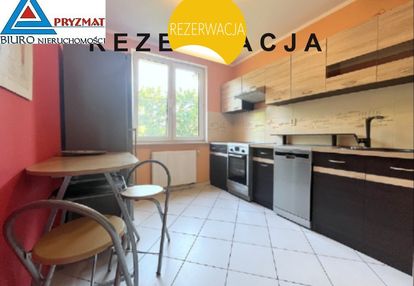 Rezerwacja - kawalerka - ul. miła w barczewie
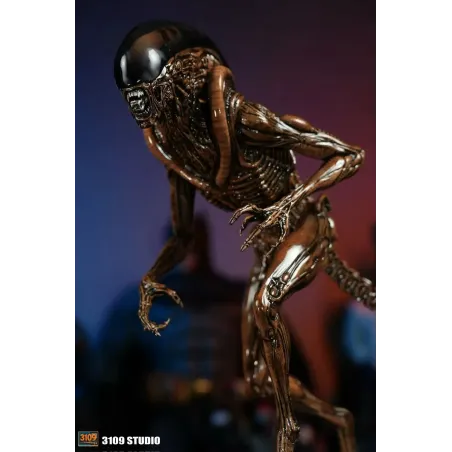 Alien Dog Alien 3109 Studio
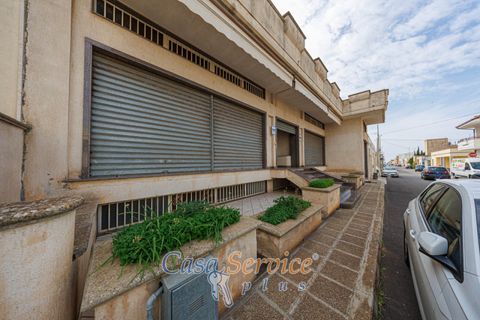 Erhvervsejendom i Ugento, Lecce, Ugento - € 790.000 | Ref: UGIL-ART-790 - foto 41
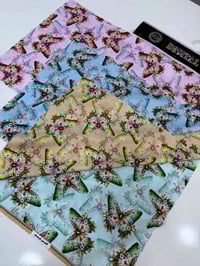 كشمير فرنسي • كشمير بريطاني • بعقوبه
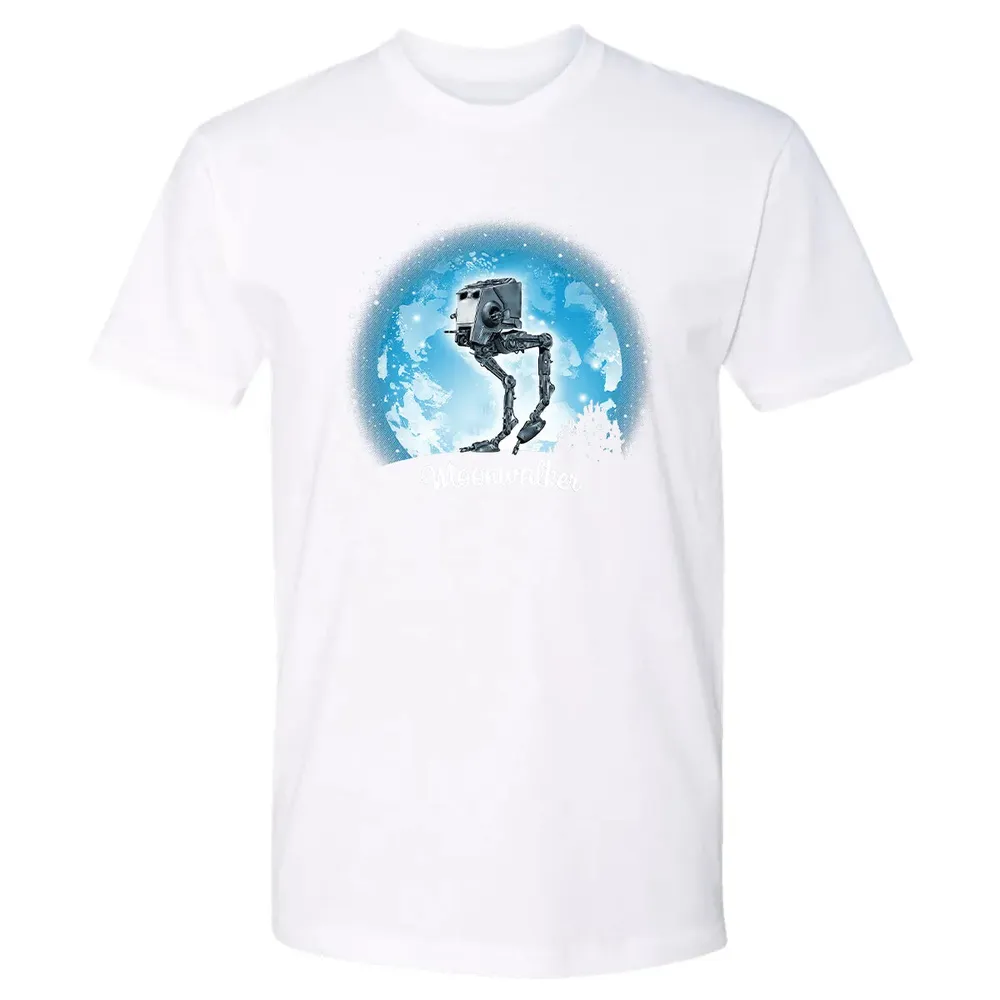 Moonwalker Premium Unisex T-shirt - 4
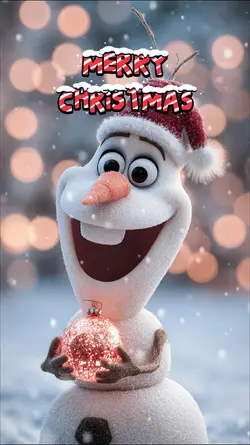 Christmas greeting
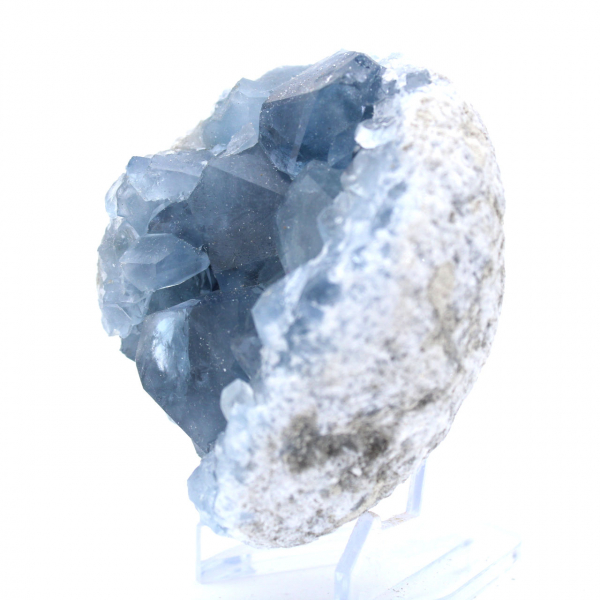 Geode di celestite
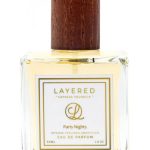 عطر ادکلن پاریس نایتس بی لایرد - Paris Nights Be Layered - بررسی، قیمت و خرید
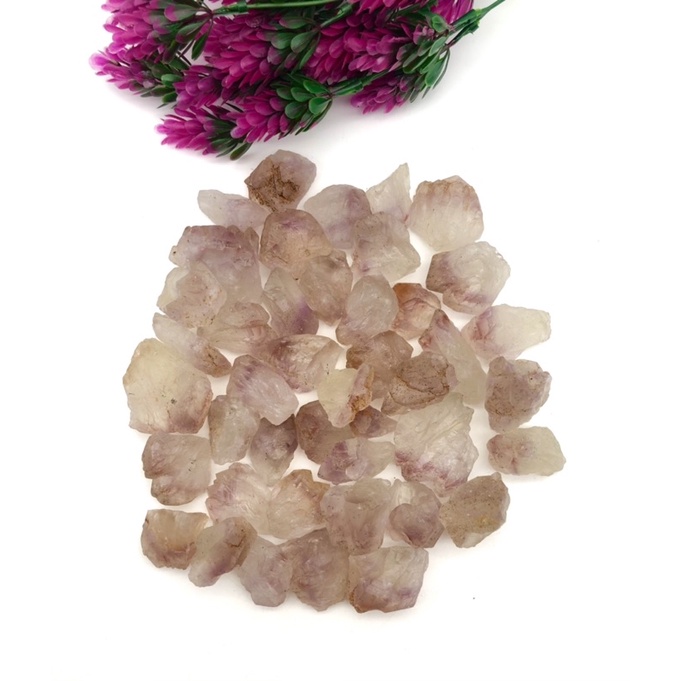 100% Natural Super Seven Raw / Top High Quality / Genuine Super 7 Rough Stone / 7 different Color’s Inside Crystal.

----------

_What is expected_: Reproduce verbatim, and only, the lines starting at the one that contains "Christmas greeting" and ending with the final line of the records; leave out the pictures.

_Solved problem_:
 Christmas greeting
 Geode di celestite
 عطر ادکلن پاریس نایتس بی لایرد - Paris Nights Be Layered - بررسی، قیمت و خرید
 100% Natural Super Seven Raw / Top High Quality / Genuine Super 7 Rough Stone / 7 different Color’s Inside Crystal.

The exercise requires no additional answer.